## [What is required]
Hunt for the word "Shirt" across the entries below, copying each line that holds it.

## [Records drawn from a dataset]

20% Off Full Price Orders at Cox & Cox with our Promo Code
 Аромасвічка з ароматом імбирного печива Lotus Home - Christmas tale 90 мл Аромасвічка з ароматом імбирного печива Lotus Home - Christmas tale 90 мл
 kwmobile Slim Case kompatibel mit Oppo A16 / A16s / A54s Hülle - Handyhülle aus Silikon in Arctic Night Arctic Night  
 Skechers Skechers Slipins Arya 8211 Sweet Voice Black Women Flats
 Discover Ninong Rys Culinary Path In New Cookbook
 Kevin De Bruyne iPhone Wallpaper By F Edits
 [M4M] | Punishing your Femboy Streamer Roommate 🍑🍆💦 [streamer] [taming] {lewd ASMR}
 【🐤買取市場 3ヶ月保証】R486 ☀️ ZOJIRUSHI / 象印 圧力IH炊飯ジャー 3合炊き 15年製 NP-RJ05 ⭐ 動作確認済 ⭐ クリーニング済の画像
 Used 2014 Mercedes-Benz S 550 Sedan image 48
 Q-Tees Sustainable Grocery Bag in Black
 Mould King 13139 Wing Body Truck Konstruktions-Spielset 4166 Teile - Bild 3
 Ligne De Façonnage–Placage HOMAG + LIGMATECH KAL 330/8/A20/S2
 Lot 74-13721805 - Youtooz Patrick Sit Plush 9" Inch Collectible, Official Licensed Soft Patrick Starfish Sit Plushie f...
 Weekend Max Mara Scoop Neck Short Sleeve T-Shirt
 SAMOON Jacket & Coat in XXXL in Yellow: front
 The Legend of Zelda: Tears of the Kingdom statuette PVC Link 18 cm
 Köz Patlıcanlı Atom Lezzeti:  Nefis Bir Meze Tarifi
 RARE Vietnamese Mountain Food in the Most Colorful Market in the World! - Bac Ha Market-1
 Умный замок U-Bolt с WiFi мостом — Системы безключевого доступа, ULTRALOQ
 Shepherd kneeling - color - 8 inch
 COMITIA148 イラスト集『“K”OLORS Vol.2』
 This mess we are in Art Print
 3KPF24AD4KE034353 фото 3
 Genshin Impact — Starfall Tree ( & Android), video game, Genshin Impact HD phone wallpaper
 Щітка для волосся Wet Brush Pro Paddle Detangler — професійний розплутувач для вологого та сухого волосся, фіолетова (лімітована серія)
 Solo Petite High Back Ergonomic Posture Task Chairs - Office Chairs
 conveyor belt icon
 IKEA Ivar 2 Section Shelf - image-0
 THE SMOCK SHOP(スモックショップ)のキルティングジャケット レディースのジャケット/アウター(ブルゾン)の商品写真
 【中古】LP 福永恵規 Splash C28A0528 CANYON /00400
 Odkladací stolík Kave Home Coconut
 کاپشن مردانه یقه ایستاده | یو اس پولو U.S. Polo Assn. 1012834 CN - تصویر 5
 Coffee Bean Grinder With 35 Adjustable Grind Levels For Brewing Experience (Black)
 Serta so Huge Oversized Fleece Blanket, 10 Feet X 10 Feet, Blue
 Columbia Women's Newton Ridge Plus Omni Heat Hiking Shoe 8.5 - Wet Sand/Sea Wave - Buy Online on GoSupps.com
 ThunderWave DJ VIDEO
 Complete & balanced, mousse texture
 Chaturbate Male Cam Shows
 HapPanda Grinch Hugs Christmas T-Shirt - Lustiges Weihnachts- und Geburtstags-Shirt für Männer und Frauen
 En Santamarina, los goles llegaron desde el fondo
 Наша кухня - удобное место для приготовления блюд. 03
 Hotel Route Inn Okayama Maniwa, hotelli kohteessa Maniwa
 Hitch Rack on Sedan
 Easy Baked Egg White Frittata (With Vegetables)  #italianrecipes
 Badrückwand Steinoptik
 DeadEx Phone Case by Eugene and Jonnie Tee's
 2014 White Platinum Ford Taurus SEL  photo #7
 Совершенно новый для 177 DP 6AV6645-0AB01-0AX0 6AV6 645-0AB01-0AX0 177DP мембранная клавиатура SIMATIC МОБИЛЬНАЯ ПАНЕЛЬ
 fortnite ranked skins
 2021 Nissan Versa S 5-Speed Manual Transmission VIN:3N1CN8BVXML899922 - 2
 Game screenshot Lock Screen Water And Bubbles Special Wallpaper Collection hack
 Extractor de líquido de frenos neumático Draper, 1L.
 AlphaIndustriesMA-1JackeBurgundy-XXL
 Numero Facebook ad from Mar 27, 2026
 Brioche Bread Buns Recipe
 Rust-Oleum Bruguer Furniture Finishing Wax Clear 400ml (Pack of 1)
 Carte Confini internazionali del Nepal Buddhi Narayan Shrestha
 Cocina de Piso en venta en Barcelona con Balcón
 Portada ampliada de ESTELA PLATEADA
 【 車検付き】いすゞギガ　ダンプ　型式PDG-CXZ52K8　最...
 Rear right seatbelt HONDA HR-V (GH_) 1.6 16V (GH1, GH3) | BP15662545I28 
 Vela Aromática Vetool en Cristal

## [Result]
 Weekend Max Mara Scoop Neck Short Sleeve T-Shirt
 HapPanda Grinch Hugs Christmas T-Shirt - Lustiges Weihnachts- und Geburtstags-Shirt für Männer und Frauen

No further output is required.